We’re also, of course, focused on the prosperity that comes from open markets and free trade. The Prime Minister Abe and I are committed to open markets and free trade in a rules-based order in our region. That, of course, is underpinned by security.

Now, what we’re working on is the Trans-Pacific Partnership. Obviously we were disappointed when the US pulled out after the change of Administration and we’re working now with the aim of getting the TPP signed without the US, of course, by March. But you can see the importance of free trade and open markets, the Bush Masters are a good example of that. Selling Australian expertise and technology as well, of course, as the energy and resources, primary products that have been the mainstay of our exports to the region and in particular to Japan, which of course Australia is the largest supplier of Japan’s energy needs.
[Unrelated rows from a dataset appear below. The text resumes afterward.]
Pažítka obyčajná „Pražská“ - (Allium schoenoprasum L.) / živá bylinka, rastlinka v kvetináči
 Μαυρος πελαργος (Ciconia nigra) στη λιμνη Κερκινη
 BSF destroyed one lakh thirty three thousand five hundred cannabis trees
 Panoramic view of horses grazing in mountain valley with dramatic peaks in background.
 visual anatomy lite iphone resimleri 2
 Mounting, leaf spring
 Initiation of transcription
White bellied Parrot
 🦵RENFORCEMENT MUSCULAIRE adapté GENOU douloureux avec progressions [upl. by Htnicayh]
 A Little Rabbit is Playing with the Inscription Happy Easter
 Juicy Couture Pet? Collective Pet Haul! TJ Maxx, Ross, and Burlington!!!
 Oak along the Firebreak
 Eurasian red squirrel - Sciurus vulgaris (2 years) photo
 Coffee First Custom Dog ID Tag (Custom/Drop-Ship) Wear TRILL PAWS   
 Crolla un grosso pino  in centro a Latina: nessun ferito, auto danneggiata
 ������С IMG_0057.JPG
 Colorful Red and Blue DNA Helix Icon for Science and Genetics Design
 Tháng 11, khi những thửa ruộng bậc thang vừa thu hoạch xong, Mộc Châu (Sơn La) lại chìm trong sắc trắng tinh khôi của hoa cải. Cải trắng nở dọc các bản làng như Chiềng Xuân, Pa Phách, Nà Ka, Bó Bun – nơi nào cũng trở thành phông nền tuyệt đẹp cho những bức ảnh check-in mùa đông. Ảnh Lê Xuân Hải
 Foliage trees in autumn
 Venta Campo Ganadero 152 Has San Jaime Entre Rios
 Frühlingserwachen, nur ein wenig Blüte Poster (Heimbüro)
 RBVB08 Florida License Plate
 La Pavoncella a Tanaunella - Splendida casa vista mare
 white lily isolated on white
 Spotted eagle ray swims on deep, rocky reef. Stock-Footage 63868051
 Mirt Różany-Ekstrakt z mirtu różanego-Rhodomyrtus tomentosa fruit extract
The other point that is critical here to recognise is that as we work more closely together we make the region safer and all of that is the foundation upon which our prosperity depends. So I want to thank the Prime Minister, Prime Minister Abe, I want to thank the Defence Minister, Onodera his Vice Minister and of course the Generals that welcomed us here to show us this extraordinary display of great special operations capabilities developed, as they said, through joint training exercises with Australia’s Special Forces. So we look forward to that cooperation deepening and continuing in the future.

Now, on a more local topic – as you know, as I always say, free trade, open markets, exports brings jobs and what a great jobs number today! 34,700 new jobs in December. 403,000 jobs – new jobs – created in the last year.

This is the longest run – equal to the longest run of consecutive monthly job increases since 1978.

Participation rate is at the highest level in seven years, and we’ve seen already consumer confidence at the highest level since November 2013.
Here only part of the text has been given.